Entscheidungsstichwort (Thema)

Berufung. Zulässigkeit. Rechtsschutzbedürfnis. Beschwer

 

Leitsatz (redaktionell)

Über den Wortlaut des § 158 Abs. 1 S. 1 SGG hinaus darf das Landessozialgericht eine Berufung auch dann in der Rechtsform eines Beschlusses verwerfen, wenn der Berufung das erforderliche Rechtsschutzbedürfnis fehlt.

 

Normenkette

GG Art. 19 Abs. 4; SGG § 54 Abs. 1 S. 2, §§ 96, 98, 153 Abs. 1, § 158 Abs. 1 S. 1

 

Tenor

I. Die Berufung des Klägers gegen das Urteil des Sozialgerichts München vom 06. Oktober 2006 wird verworfen.

II. Die Beklagte hat dem Kläger für das Berufungsverfahren keine außergerichtlichen Kosten zu erstatten.

III. Die Revision wird nicht zugelassen.

 

Gründe

I.

Zwischen den Beteiligten ist streitig, ob die Beklagte wirksam eine Forderung der Beigeladenen mit dem gezahlten Arbeitslosengeld (Alg) verrechnet hat.

Der 1944 geborene Kläger bezog von der Beklagten Leistungen, zunächst Alg und im Anschluss daran Arbeitslosenhilfe (Alhi); ab dem 19.09.2001 erhielt er diese Leistung in Höhe von 505,67 DM wöchentlich.

Auf das Ersuchen der Beigeladenen (AOK Sachsen-Anhalt, die Gesundheitskasse), rückständige Gesamtsozialversicherungsbeiträge aus der Zeit von 1/96 bis 5/96 in Höhe von 4836,82 Euro einschließlich Säumniszuschläge, Gebühren und Kosten zu verrechnen, bekundete die Beklagte gegenüber dem Kläger ihre Absicht einer Verrechnung mit dessen Anspruch auf Alhi. Mit als "Bescheid" mitgeteilter Verfügung vom 21.02.2002 erklärte die Beklagte, dass sie in Ausübung ihres Ermessens von der Ermächtigung der Beigeladenen Gebrauch mache und die Forderung dieses Leistungsträgers in Höhe von 4836,82 Euro ab dem 01.02.2002 mit täglich 18,48 Euro verrechne.
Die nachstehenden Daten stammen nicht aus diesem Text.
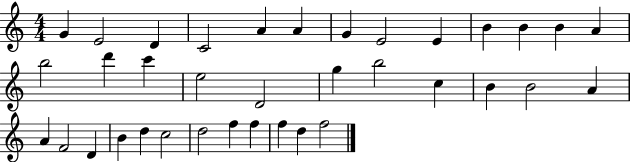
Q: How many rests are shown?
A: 0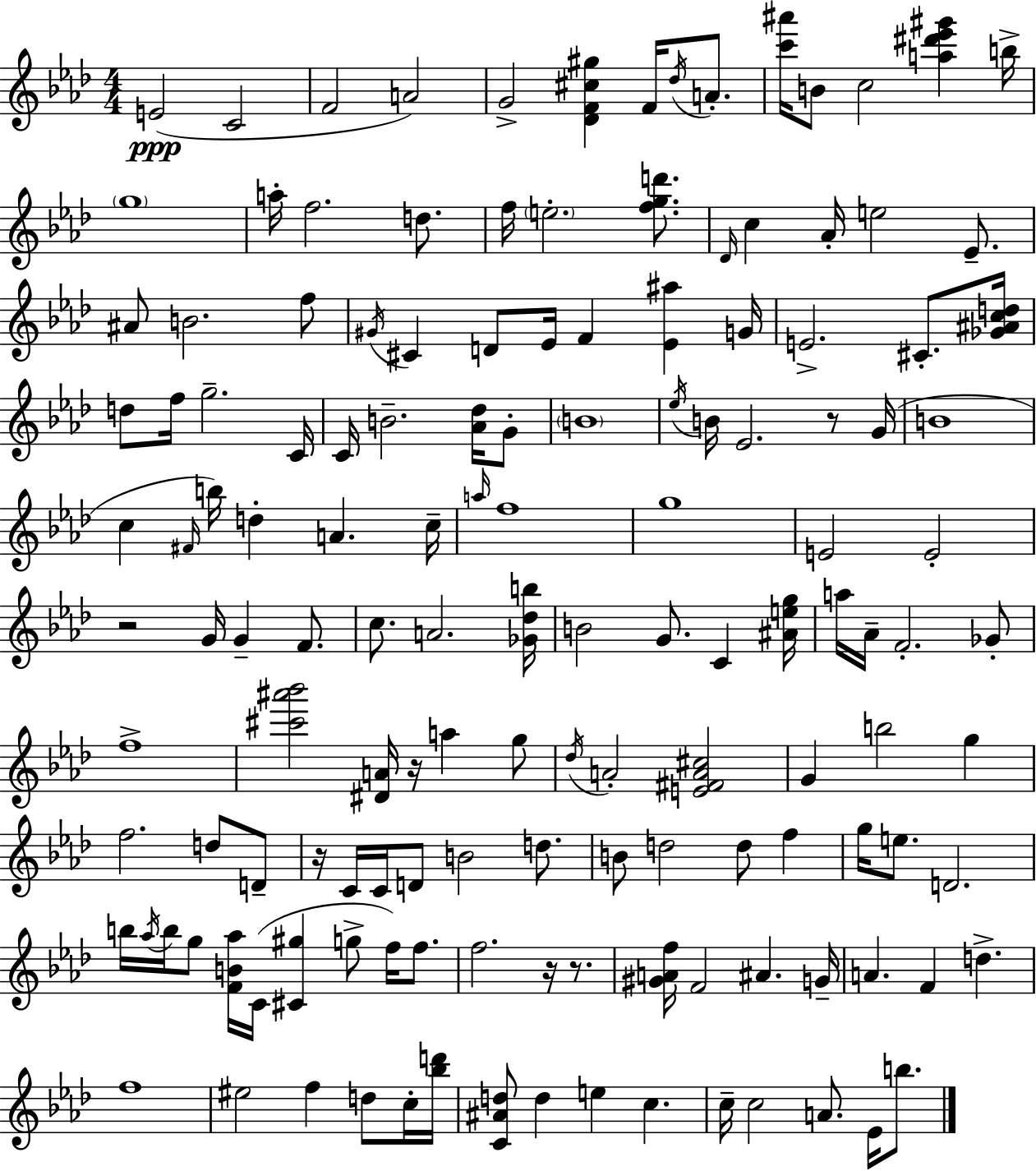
X:1
T:Untitled
M:4/4
L:1/4
K:Ab
E2 C2 F2 A2 G2 [_DF^c^g] F/4 _d/4 A/2 [c'^a']/4 B/2 c2 [a^d'_e'^g'] b/4 g4 a/4 f2 d/2 f/4 e2 [fgd']/2 _D/4 c _A/4 e2 _E/2 ^A/2 B2 f/2 ^G/4 ^C D/2 _E/4 F [_E^a] G/4 E2 ^C/2 [_G^Acd]/4 d/2 f/4 g2 C/4 C/4 B2 [_A_d]/4 G/2 B4 _e/4 B/4 _E2 z/2 G/4 B4 c ^F/4 b/4 d A c/4 a/4 f4 g4 E2 E2 z2 G/4 G F/2 c/2 A2 [_G_db]/4 B2 G/2 C [^Aeg]/4 a/4 _A/4 F2 _G/2 f4 [^c'^a'_b']2 [^DA]/4 z/4 a g/2 _d/4 A2 [E^FA^c]2 G b2 g f2 d/2 D/2 z/4 C/4 C/4 D/2 B2 d/2 B/2 d2 d/2 f g/4 e/2 D2 b/4 _a/4 b/4 g/2 [FB_a]/4 C/4 [^C^g] g/2 f/4 f/2 f2 z/4 z/2 [^GAf]/4 F2 ^A G/4 A F d f4 ^e2 f d/2 c/4 [_bd']/4 [C^Ad]/2 d e c c/4 c2 A/2 _E/4 b/2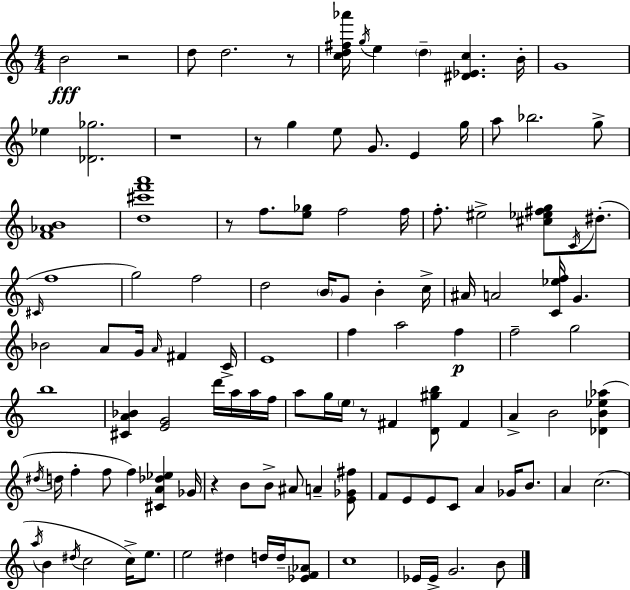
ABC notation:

X:1
T:Untitled
M:4/4
L:1/4
K:C
B2 z2 d/2 d2 z/2 [cd^f_a']/4 g/4 e d [^D_Ec] B/4 G4 _e [_D_g]2 z4 z/2 g e/2 G/2 E g/4 a/2 _b2 g/2 [F_AB]4 [d^c'f'a']4 z/2 f/2 [e_g]/2 f2 f/4 f/2 ^e2 [^c_e^fg]/2 C/4 ^d/2 ^C/4 f4 g2 f2 d2 B/4 G/2 B c/4 ^A/4 A2 [C_ef]/4 G _B2 A/2 G/4 A/4 ^F C/4 E4 f a2 f f2 g2 b4 [^CA_B] [EG]2 d'/4 a/4 a/4 f/4 a/2 g/4 e/4 z/2 ^F [D^gb]/2 ^F A B2 [_DB_e_a] ^d/4 d/4 f f/2 f [^CA_d_e] _G/4 z B/2 B/2 ^A/2 A [E_G^f]/2 F/2 E/2 E/2 C/2 A _G/4 B/2 A c2 a/4 B ^d/4 c2 c/4 e/2 e2 ^d d/4 d/4 [_EF_A]/2 c4 _E/4 _E/4 G2 B/2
Hiergegen erhob der Kläger Widerspruch, den die Beklagte im Widerspruchsbescheid vom 16.04.2002 als unzulässig verwarf, weil es sich bei der Verrechnung im Monat Februar 2002 in Höhe von 517,44 Euro um keinen Verwaltungsakt handle.

Dagegen hat der Kläger Klage zum Sozialgericht München (SG) erhoben mit dem Antrag, bis zur Bestandskraft des Bescheides vom 27.07.2001 die Verrechnung zu unterlassen.

Durch Urteil vom 06.10.2006 hat das SG den Bescheid vom 21.02.2002 sowie den Widerspruchsbescheid vom 16.04.2002 aufgehoben. Zwar sei die Verrechnungserklärung kein Verwaltungsakt. Jedoch habe die Beklagte mit der gewählten Form als "Bescheid" den Anschein erweckt, sie regle verbindlich einen Einzelfall auf dem Gebiet des öffentlichen Rechts. Diesen Eindruck habe sie auch durch ihren Hinweis in der Rechtsbehelfsbelehrung, der Bescheid könne mit Widerspruch angefochten werden, aufrechterhalten. Allein durch die Existenz eines formellen Verwaltungsaktes sei der Kläger dem Risiko ausgesetzt, dass ihm in Zukunft unter Umständen ein insoweit bestandskräftiger Verwaltungsakt entgegen gehalten werden könnte. Im Übrigen sei die Verrechnung auch inhaltlich nicht korrekt durchgeführt worden. So sei die Forderung der Beigeladenen im "Bescheid" vom 21.02.2002 nicht hinreichend bestimmt worden. Art und Umfang der Forderung seien nicht angegeben, auch der Rechtsgrund der Forderung sei nicht genannt. Des weiteren sei nicht angegeben, ob die Forderung bestands- oder rechtskräftig festgestellt worden sei, was aber für eine zulässige Verrechnung der Fall sein müsste (vgl. Urt. d. BSG v. 24.07.2003, Az.: B 4 RA 60/02 R).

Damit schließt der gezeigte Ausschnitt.